‘Western Gazette’ review by Howard Milton
21/11/2006
It seems Jeff Scott’s behind-the-scenes look at the 2005 British speedway season has caught the public’s imagination.
Now on it’s second print run, the 500-page softback publication vividly captures speedway, once one of this counties’ most popular sports, at a crossroads.
As Scott writes: “Speedway strikes me as the complete opposite of the contrived experiences of today that are considered authentic or real” and is “one of the last true bastions of white working class culture.”
Scott travels to practically every speedway track in the country and speaks to all manner of individual, who, for various reasons, are dedicated to or love the sport.
By doing so, he manages to provide a snapshot of speedway’s real state early in the 21st century.

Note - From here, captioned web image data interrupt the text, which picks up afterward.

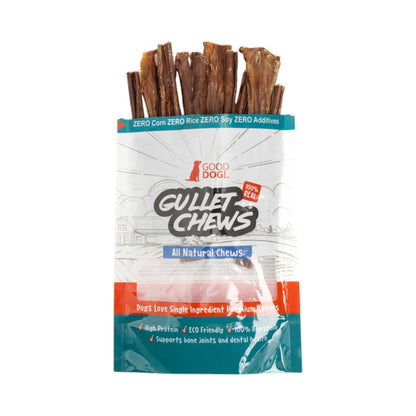 Dog Treats All-Natural Beef Gullet Stick Dog Treats – Delicious & Nutritious, Healthy Chews – 6 Inches (10-Pack) PCK111-10P 22 $ Pet Lovers Store American Pet Supplies Stew's Incense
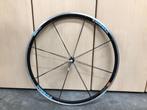 Voorwiel Shimano WH-R540 - NIEUW, Fietsen en Brommers, Fietsonderdelen, Ophalen, Band, Racefiets, Nieuw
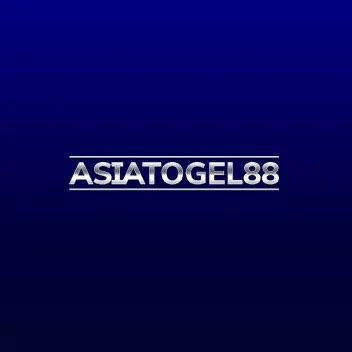 ASIATOGEL88 Bandar Judi Togel Slot Dan Casino Linkr ASIATOGEL88 - ASIATOGEL88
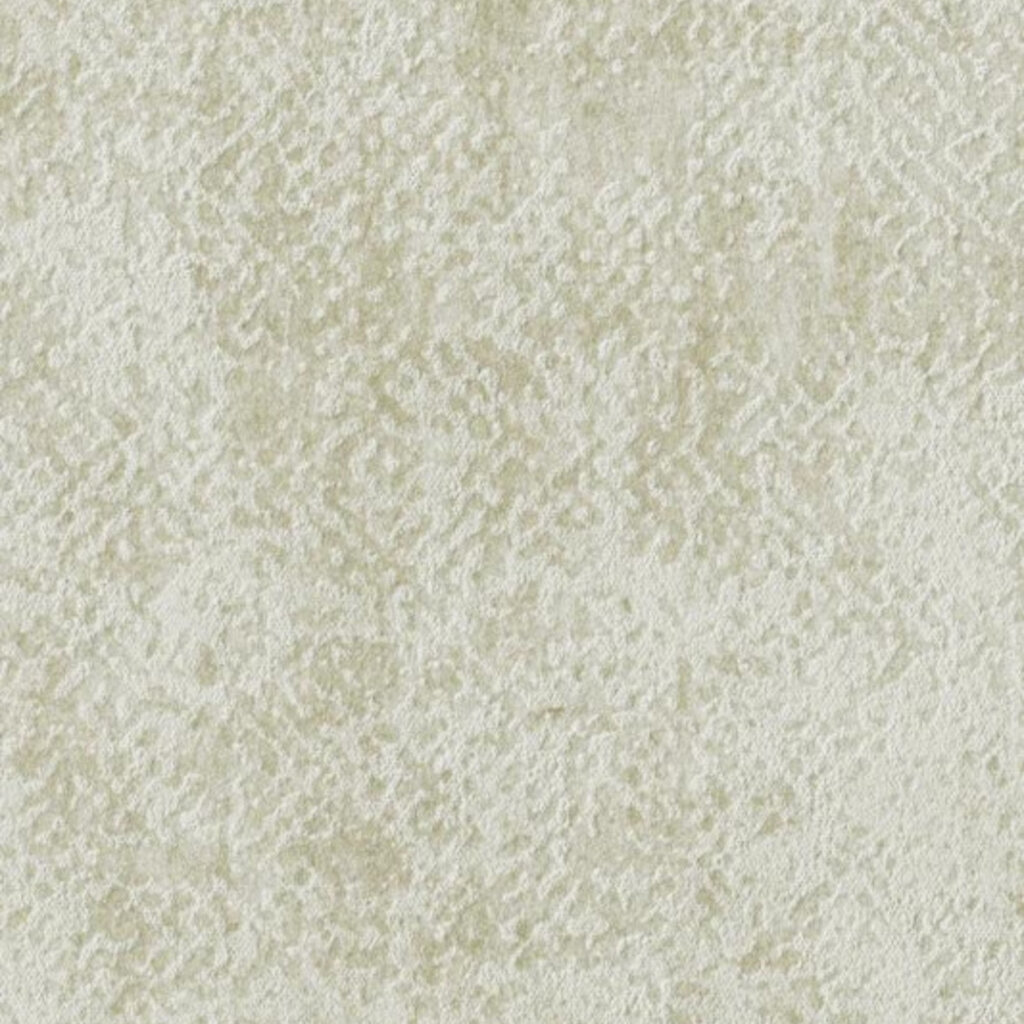 Arte Arte Edition behang Solstice ED3025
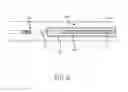 Fig. 06 - Nozzle assembly
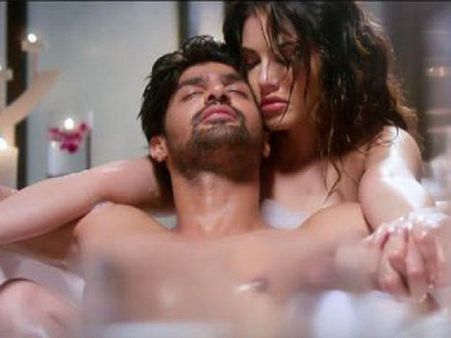 સારી રીતે સફાઈ સારી રીતે સફાઈ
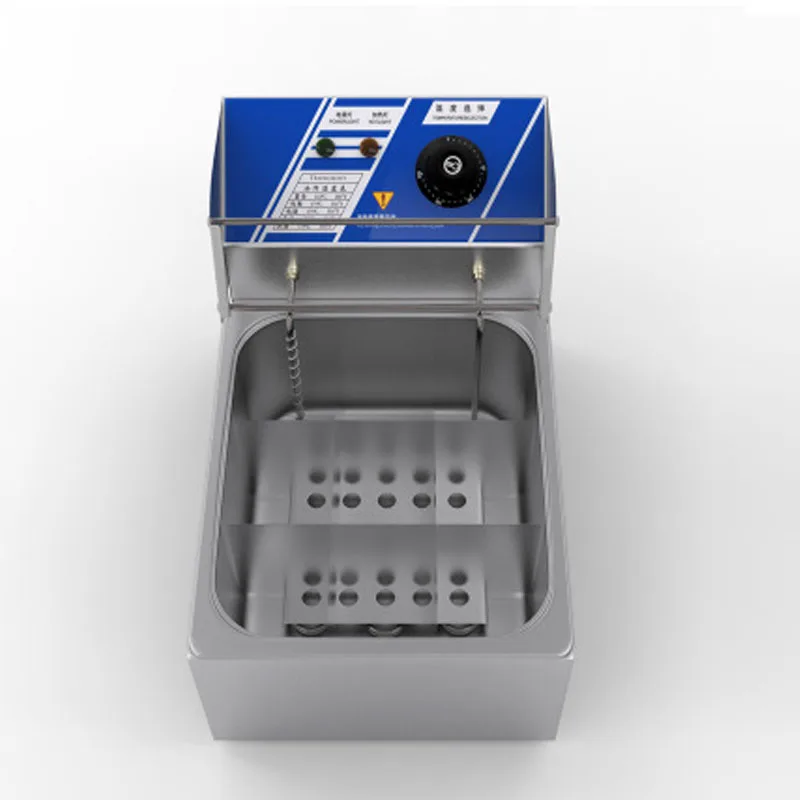 Машина для приготовления пищи Oden коммерческая духовка лапши машина с девятью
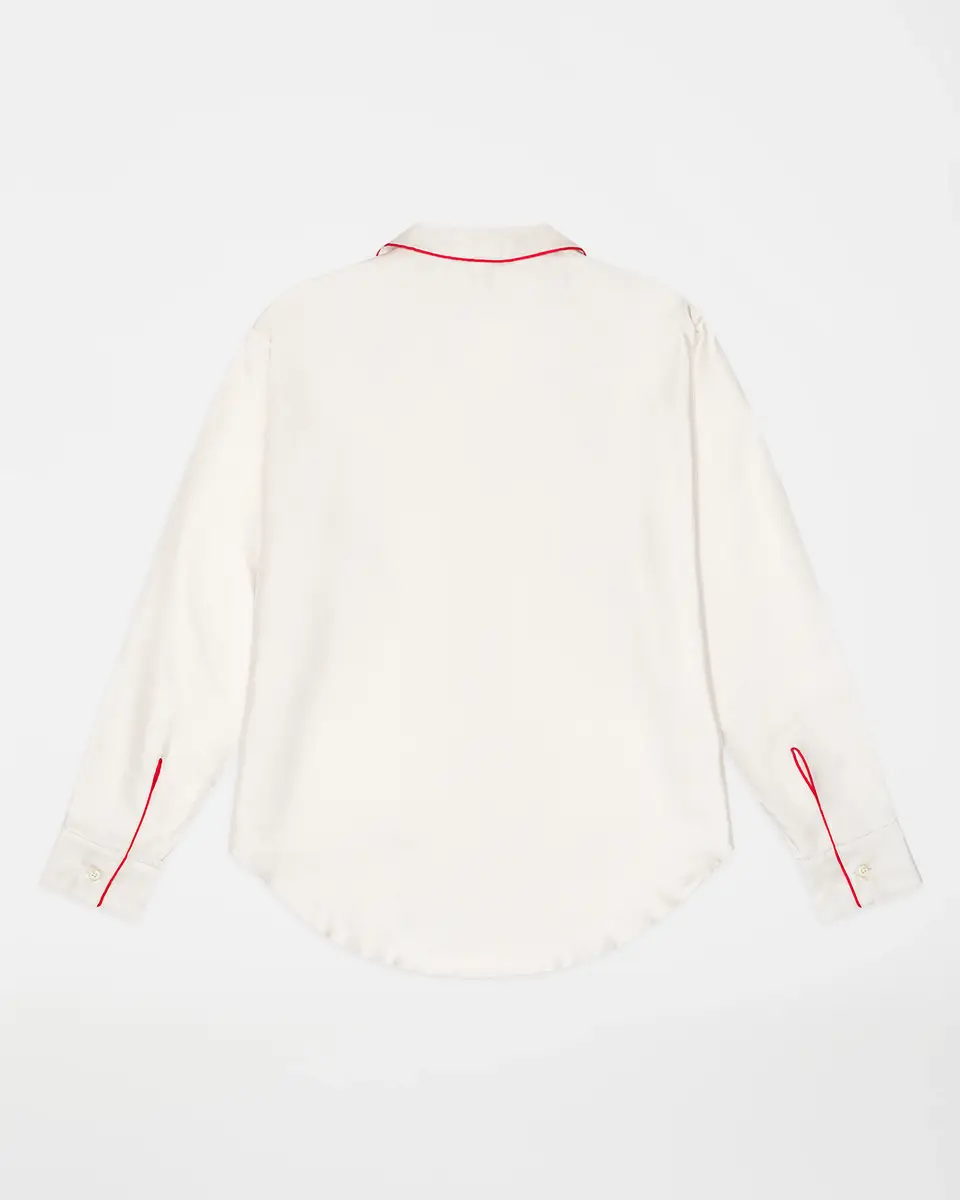 Emporio Sirenuse Comme Si x Le Sirenuse La Shirt Classica | Thumbnail 10 Emporio Sirenuse Comme Si x Le Sirenuse La Shirt Classica | Thumbnail 10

Thanks to the advent of regular Sky television coverage, speedway is being dragged slowly but surely into the modern corporate entertainment arena which dominates sports like football. Thanks to Scott’s wry observant writing, he manages to transmit the fact many people involved in the sport still have to match speedway’s increasing modern overhaul. All of which makes the tome and illuminating and interesting read which you have to pull yourself away from. A factor which lifts the book out of the ordinary and has led to calls for it to be nominated for the William Hill sports book awards.
Of his trip to Weymouth, Scott writes: “ If the queues (into the town) I encountered are anything to go by, I fully sympathise with any speedway riders who have to journey regularly to the Wessex Stadium from any distance away from Dorset.” At Poole, he speaks to the Pirates’ press officer Gordon Day, who tells him “speedway is to Poole what football is to people of Manchester, Madrid or Milan.” After his journey to Somerset Rebels, Scott writes: “There is very good basis for Peter (Toogood, promoter) and his family to feel satisfaction with their many achievements at Somerset speedway club.”
Showered in Shale is different to every other speedway book out there and for that it should find it’s way onto any sports fan’s bookshelf.